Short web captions
::::::
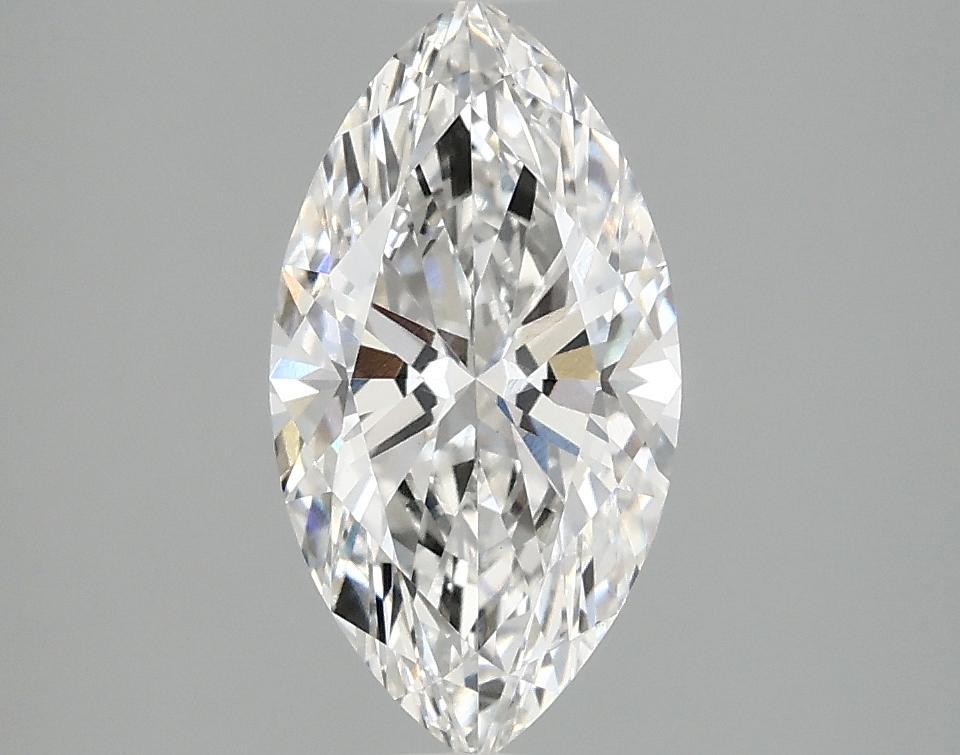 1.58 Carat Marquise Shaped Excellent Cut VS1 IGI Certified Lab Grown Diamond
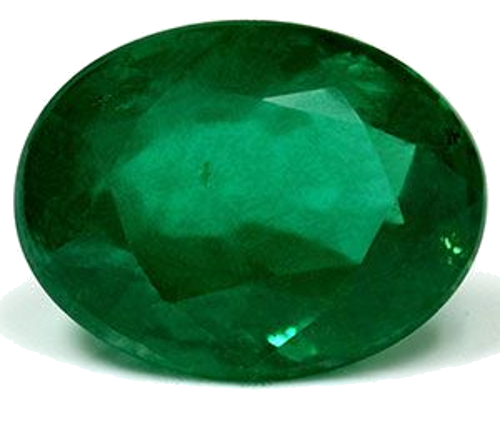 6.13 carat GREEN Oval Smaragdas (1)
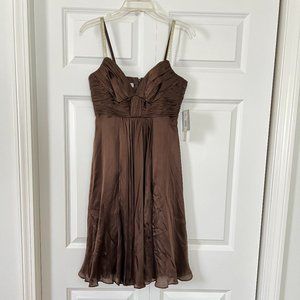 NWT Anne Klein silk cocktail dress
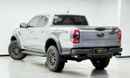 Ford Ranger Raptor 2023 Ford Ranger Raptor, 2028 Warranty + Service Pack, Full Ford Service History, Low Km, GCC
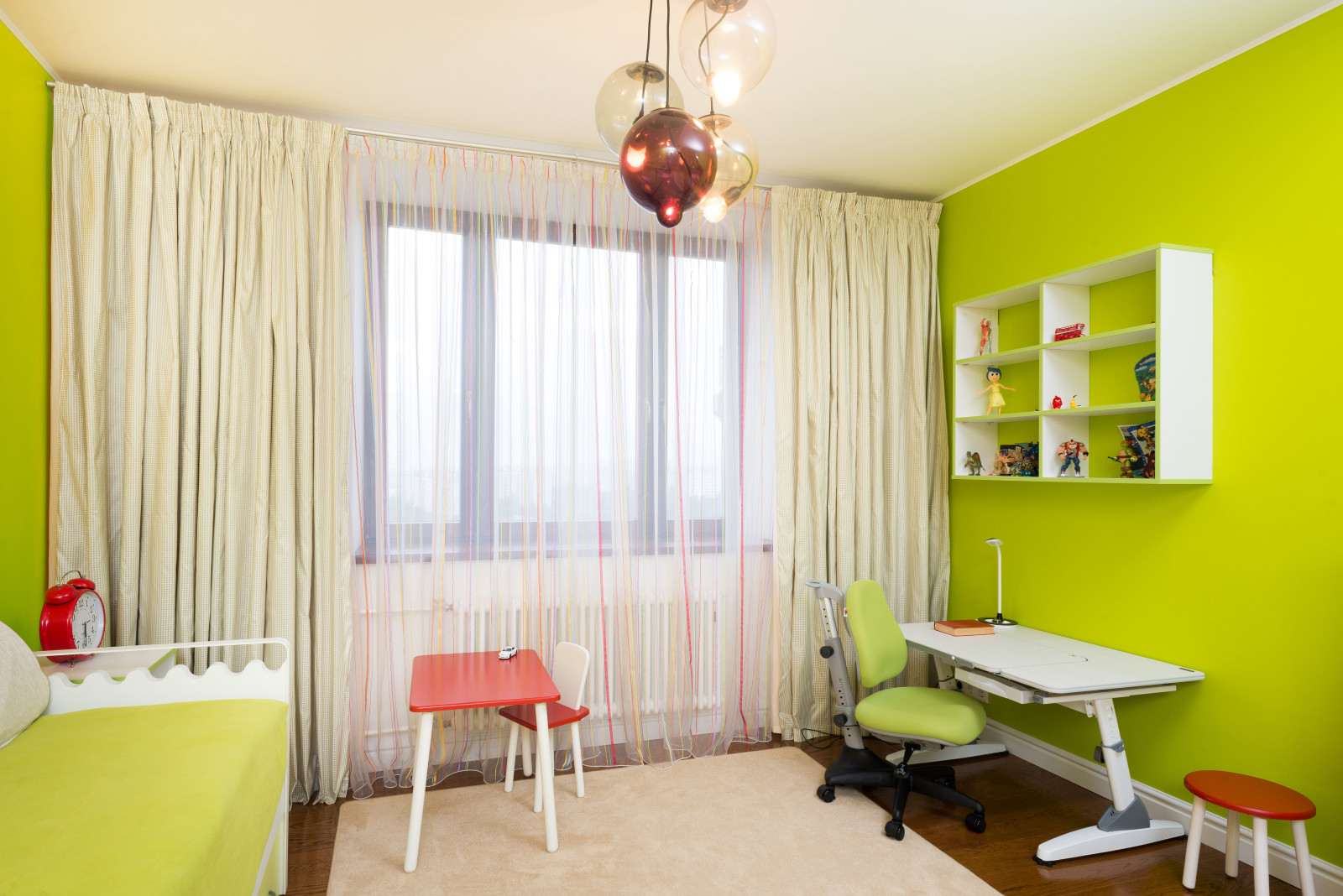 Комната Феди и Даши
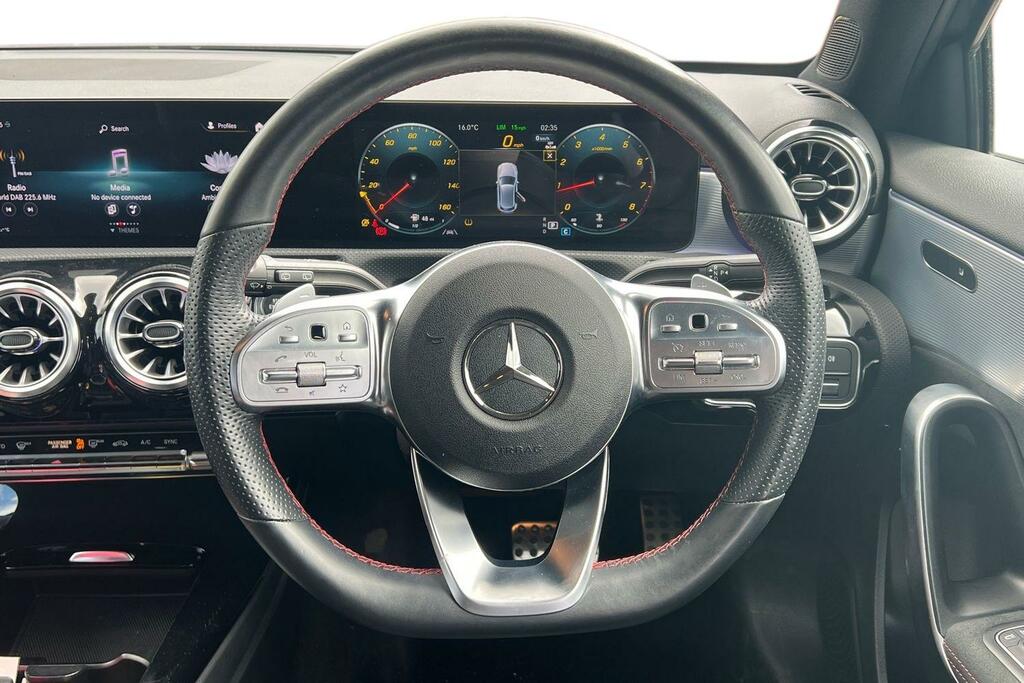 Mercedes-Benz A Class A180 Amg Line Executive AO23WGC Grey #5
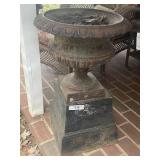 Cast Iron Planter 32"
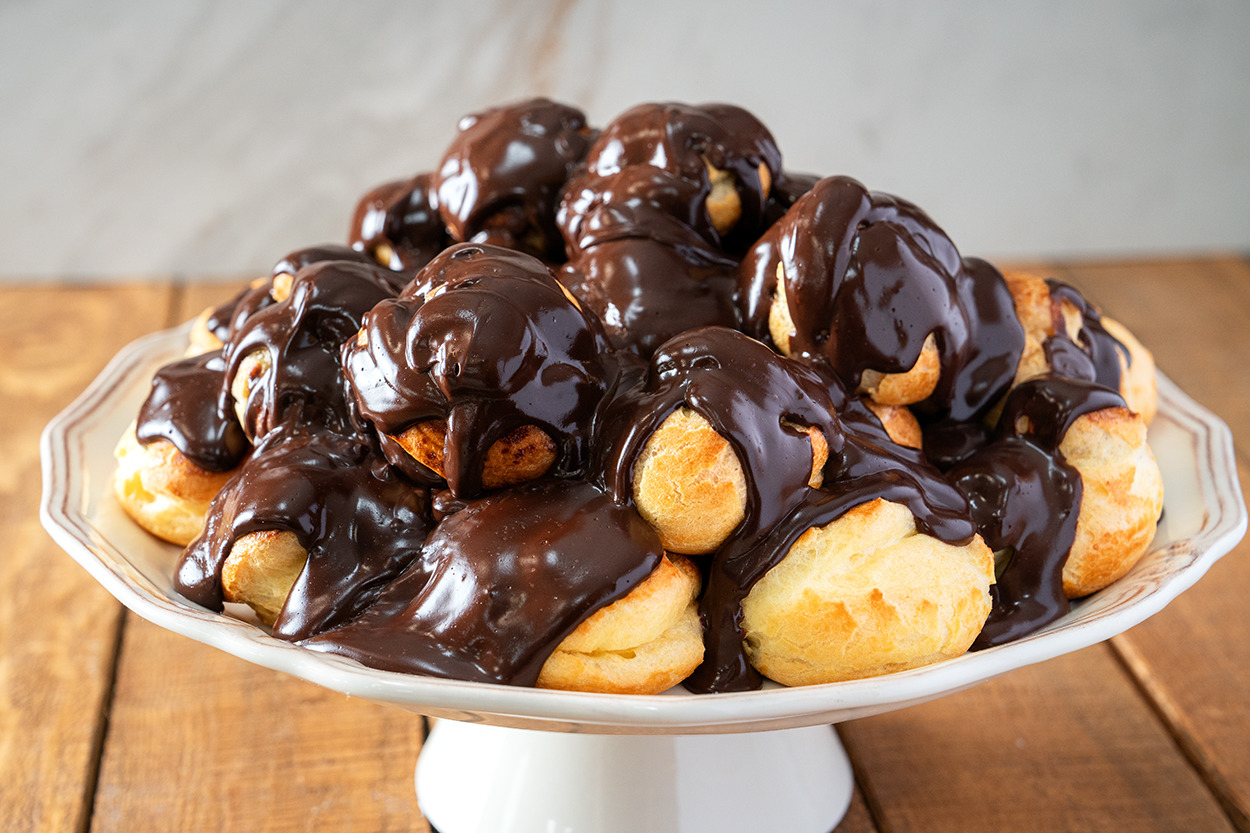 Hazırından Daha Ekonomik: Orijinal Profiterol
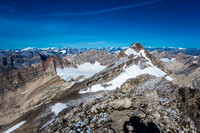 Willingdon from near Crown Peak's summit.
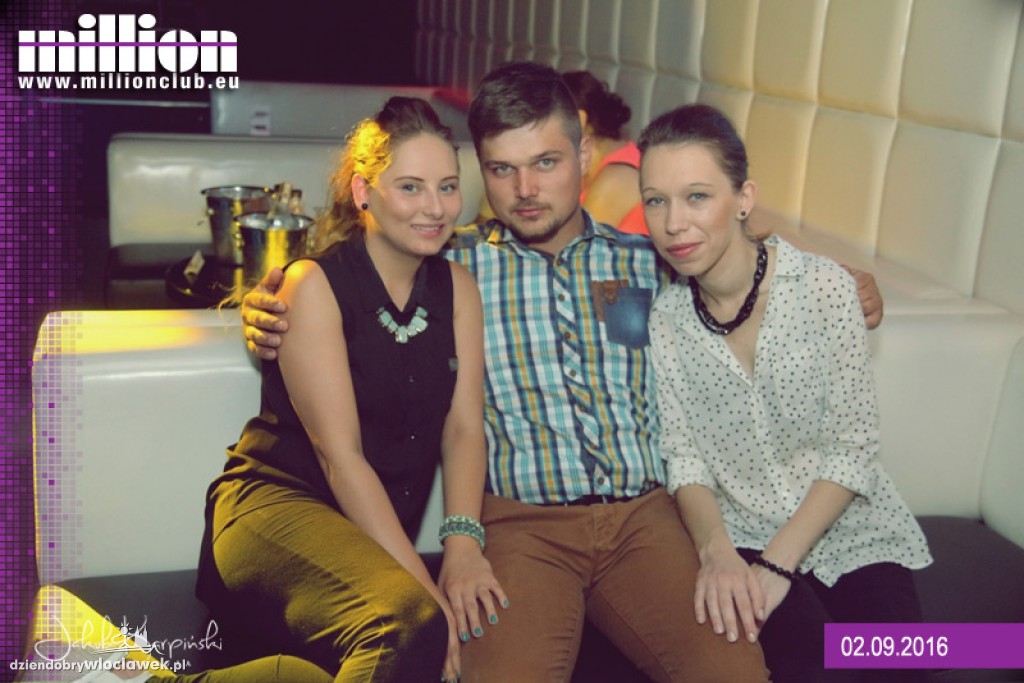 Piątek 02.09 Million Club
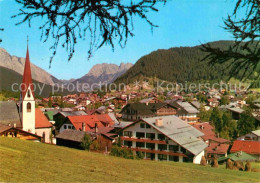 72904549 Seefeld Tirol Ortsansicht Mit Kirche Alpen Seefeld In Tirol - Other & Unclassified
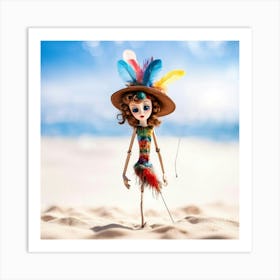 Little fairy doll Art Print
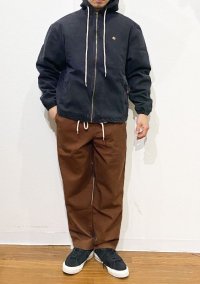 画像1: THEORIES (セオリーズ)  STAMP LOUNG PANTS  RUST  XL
::::::
→ **DIRECTIONS FOR THIS TASK**:
Reproduce the records above exactly, leaving out every picture they contain.

→ **COMPLETED TASK**:
 1.58 Carat Marquise Shaped Excellent Cut VS1 IGI Certified Lab Grown Diamond
 6.13 carat GREEN Oval Smaragdas (1)
 NWT Anne Klein silk cocktail dress
 Ford Ranger Raptor 2023 Ford Ranger Raptor, 2028 Warranty + Service Pack, Full Ford Service History, Low Km, GCC
 Комната Феди и Даши
 Mercedes-Benz A Class A180 Amg Line Executive AO23WGC Grey #5
 Cast Iron Planter 32"
 Hazırından Daha Ekonomik: Orijinal Profiterol
 Willingdon from near Crown Peak's summit.
 Piątek 02.09 Million Club
 72904549 Seefeld Tirol Ortsansicht Mit Kirche Alpen Seefeld In Tirol - Other & Unclassified
 Little fairy doll Art Print
 画像1: THEORIES (セオリーズ)  STAMP LOUNG PANTS  RUST  XL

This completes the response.